When a line in the listing contains the string "Photo", pick it out and copy it.

>>

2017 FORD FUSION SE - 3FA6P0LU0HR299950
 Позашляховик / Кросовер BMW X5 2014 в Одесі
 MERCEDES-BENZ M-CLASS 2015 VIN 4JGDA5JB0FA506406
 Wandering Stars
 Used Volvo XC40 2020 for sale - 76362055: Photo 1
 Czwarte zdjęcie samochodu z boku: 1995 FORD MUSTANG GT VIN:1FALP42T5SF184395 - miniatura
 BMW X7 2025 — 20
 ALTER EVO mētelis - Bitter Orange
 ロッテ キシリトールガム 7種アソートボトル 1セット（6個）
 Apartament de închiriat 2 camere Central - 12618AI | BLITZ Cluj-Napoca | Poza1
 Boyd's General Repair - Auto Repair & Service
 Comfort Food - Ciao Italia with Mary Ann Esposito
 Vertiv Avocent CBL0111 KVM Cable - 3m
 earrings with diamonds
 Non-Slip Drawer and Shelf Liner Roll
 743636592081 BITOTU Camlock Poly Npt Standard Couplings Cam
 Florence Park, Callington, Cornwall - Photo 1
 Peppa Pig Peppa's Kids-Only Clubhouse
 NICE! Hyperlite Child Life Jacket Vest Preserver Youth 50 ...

<<

# Response for this exercise:
 Used Volvo XC40 2020 for sale - 76362055: Photo 1
 Florence Park, Callington, Cornwall - Photo 1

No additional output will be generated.